Assigned task:
Below is a set of records; restate each one word for word.

Given entries:
- - -

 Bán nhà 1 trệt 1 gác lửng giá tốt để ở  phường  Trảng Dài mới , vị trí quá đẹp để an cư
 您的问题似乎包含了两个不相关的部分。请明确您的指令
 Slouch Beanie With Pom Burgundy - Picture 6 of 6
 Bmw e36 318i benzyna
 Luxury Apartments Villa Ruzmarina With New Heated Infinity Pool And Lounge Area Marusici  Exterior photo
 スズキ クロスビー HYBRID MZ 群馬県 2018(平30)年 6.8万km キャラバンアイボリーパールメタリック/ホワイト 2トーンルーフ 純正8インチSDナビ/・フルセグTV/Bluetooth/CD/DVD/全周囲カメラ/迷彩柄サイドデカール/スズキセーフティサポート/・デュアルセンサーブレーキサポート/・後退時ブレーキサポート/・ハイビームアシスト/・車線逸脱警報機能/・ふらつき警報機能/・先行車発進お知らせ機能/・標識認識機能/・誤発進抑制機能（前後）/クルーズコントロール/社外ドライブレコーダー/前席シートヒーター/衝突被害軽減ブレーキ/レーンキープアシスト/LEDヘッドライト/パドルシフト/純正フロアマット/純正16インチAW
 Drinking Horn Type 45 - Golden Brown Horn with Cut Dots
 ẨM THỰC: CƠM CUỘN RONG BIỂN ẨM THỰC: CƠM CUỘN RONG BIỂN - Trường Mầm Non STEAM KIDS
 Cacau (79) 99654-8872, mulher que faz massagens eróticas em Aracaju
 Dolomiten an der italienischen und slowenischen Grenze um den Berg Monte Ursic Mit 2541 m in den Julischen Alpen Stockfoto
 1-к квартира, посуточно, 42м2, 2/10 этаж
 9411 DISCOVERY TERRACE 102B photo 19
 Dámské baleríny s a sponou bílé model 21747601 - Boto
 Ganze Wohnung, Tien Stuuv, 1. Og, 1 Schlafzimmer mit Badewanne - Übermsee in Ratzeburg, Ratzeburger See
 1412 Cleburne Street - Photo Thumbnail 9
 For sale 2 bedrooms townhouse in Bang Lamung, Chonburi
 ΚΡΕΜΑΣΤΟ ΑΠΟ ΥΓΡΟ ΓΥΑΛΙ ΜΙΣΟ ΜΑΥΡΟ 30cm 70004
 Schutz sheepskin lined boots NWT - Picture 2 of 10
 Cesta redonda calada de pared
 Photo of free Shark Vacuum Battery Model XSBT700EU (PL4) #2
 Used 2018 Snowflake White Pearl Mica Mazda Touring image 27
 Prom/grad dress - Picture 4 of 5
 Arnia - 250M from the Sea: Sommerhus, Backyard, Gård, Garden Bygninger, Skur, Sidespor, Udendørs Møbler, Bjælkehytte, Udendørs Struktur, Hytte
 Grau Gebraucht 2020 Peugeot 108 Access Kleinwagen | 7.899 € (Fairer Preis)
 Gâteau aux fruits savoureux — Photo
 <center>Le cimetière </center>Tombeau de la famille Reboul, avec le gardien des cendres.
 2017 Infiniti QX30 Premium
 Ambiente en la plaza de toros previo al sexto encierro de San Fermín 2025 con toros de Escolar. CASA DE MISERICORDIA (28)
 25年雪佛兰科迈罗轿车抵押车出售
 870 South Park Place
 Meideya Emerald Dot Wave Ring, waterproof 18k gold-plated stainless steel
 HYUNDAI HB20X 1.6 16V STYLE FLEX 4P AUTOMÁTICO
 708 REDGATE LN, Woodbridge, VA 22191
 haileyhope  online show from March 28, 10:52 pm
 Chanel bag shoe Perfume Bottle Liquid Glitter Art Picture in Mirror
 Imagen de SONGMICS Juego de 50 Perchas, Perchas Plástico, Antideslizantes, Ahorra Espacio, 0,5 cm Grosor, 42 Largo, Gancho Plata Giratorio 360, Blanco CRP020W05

- - -

Expected answer:
 Bán nhà 1 trệt 1 gác lửng giá tốt để ở  phường  Trảng Dài mới , vị trí quá đẹp để an cư
 您的问题似乎包含了两个不相关的部分。请明确您的指令
 Slouch Beanie With Pom Burgundy - Picture 6 of 6
 Bmw e36 318i benzyna
 Luxury Apartments Villa Ruzmarina With New Heated Infinity Pool And Lounge Area Marusici  Exterior photo
 スズキ クロスビー HYBRID MZ 群馬県 2018(平30)年 6.8万km キャラバンアイボリーパールメタリック/ホワイト 2トーンルーフ 純正8インチSDナビ/・フルセグTV/Bluetooth/CD/DVD/全周囲カメラ/迷彩柄サイドデカール/スズキセーフティサポート/・デュアルセンサーブレーキサポート/・後退時ブレーキサポート/・ハイビームアシスト/・車線逸脱警報機能/・ふらつき警報機能/・先行車発進お知らせ機能/・標識認識機能/・誤発進抑制機能（前後）/クルーズコントロール/社外ドライブレコーダー/前席シートヒーター/衝突被害軽減ブレーキ/レーンキープアシスト/LEDヘッドライト/パドルシフト/純正フロアマット/純正16インチAW
 Drinking Horn Type 45 - Golden Brown Horn with Cut Dots
 ẨM THỰC: CƠM CUỘN RONG BIỂN ẨM THỰC: CƠM CUỘN RONG BIỂN - Trường Mầm Non STEAM KIDS
 Cacau (79) 99654-8872, mulher que faz massagens eróticas em Aracaju
 Dolomiten an der italienischen und slowenischen Grenze um den Berg Monte Ursic Mit 2541 m in den Julischen Alpen Stockfoto
 1-к квартира, посуточно, 42м2, 2/10 этаж
 9411 DISCOVERY TERRACE 102B photo 19
 Dámské baleríny s a sponou bílé model 21747601 - Boto
 Ganze Wohnung, Tien Stuuv, 1. Og, 1 Schlafzimmer mit Badewanne - Übermsee in Ratzeburg, Ratzeburger See
 1412 Cleburne Street - Photo Thumbnail 9
 For sale 2 bedrooms townhouse in Bang Lamung, Chonburi
 ΚΡΕΜΑΣΤΟ ΑΠΟ ΥΓΡΟ ΓΥΑΛΙ ΜΙΣΟ ΜΑΥΡΟ 30cm 70004
 Schutz sheepskin lined boots NWT - Picture 2 of 10
 Cesta redonda calada de pared
 Photo of free Shark Vacuum Battery Model XSBT700EU (PL4) #2
 Used 2018 Snowflake White Pearl Mica Mazda Touring image 27
 Prom/grad dress - Picture 4 of 5
 Arnia - 250M from the Sea: Sommerhus, Backyard, Gård, Garden Bygninger, Skur, Sidespor, Udendørs Møbler, Bjælkehytte, Udendørs Struktur, Hytte
 Grau Gebraucht 2020 Peugeot 108 Access Kleinwagen | 7.899 € (Fairer Preis)
 Gâteau aux fruits savoureux — Photo
 <center>Le cimetière </center>Tombeau de la famille Reboul, avec le gardien des cendres.
 2017 Infiniti QX30 Premium
 Ambiente en la plaza de toros previo al sexto encierro de San Fermín 2025 con toros de Escolar. CASA DE MISERICORDIA (28)
 25年雪佛兰科迈罗轿车抵押车出售
 870 South Park Place
 Meideya Emerald Dot Wave Ring, waterproof 18k gold-plated stainless steel
 HYUNDAI HB20X 1.6 16V STYLE FLEX 4P AUTOMÁTICO
 708 REDGATE LN, Woodbridge, VA 22191
 haileyhope  online show from March 28, 10:52 pm
 Chanel bag shoe Perfume Bottle Liquid Glitter Art Picture in Mirror
 Imagen de SONGMICS Juego de 50 Perchas, Perchas Plástico, Antideslizantes, Ahorra Espacio, 0,5 cm Grosor, 42 Largo, Gancho Plata Giratorio 360, Blanco CRP020W05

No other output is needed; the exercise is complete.